TASK INSTRUCTIONS
Leave the pictures out, and print everything else in the records exactly.

____________

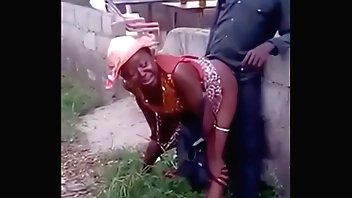 African woman fucks her man in public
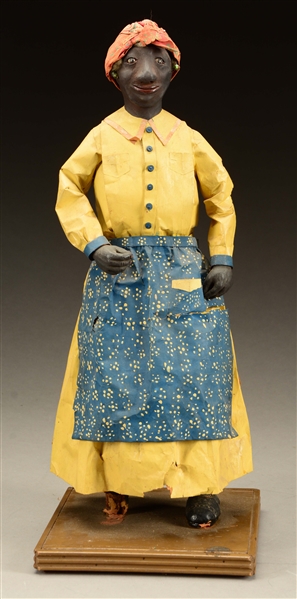 FOLK ART COMPOSITION AND CLOTH BLACK DOLL OF A WOMAN WITH BANDANNA. 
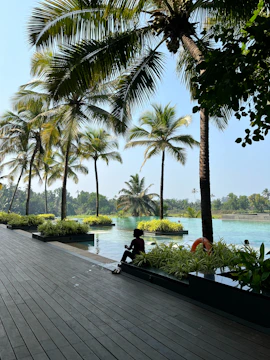 a person sitting on a bench near a body of water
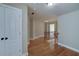 Hallway featuring hardwood floors and a staircase, offering a stylish transition space at 7804 Gusty Trl, Douglasville, GA 30135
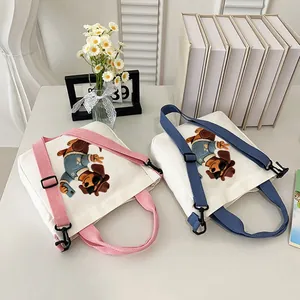 Close-up of cute dachshund dog embroidery on two stylish white canvas crossbody bags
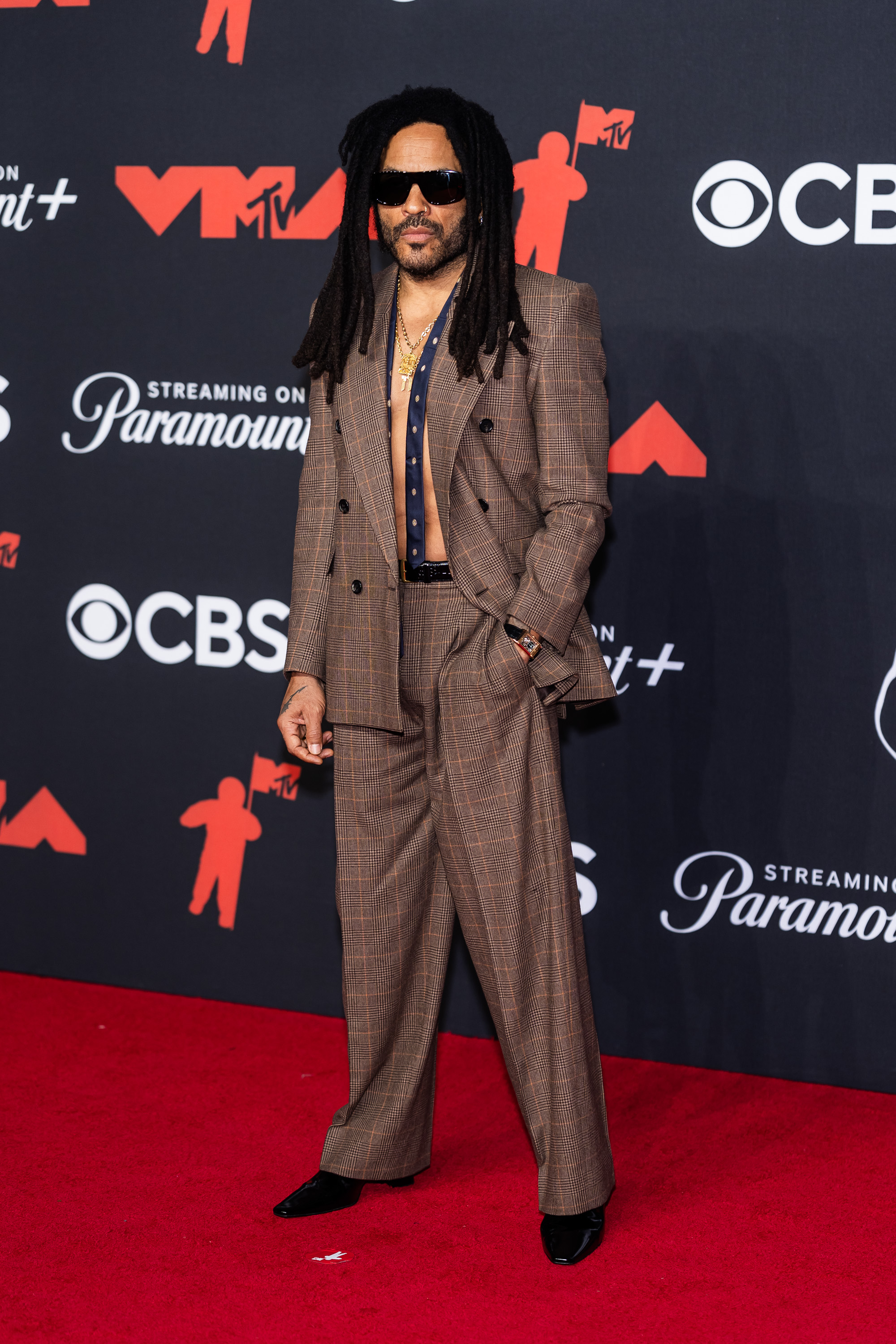 Lenny Kravitz arrives at the 2025 VMAs in a brown checked suit, shirtless beneath the jacket, and accessorized with layered chains and dark sunglasses.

____________

SOLUTION
 African woman fucks her man in public
 FOLK ART COMPOSITION AND CLOTH BLACK DOLL OF A WOMAN WITH BANDANNA. 
 a person sitting on a bench near a body of water
 Hallway featuring hardwood floors and a staircase, offering a stylish transition space at 7804 Gusty Trl, Douglasville, GA 30135
 Close-up of cute dachshund dog embroidery on two stylish white canvas crossbody bags
 Lenny Kravitz arrives at the 2025 VMAs in a brown checked suit, shirtless beneath the jacket, and accessorized with layered chains and dark sunglasses.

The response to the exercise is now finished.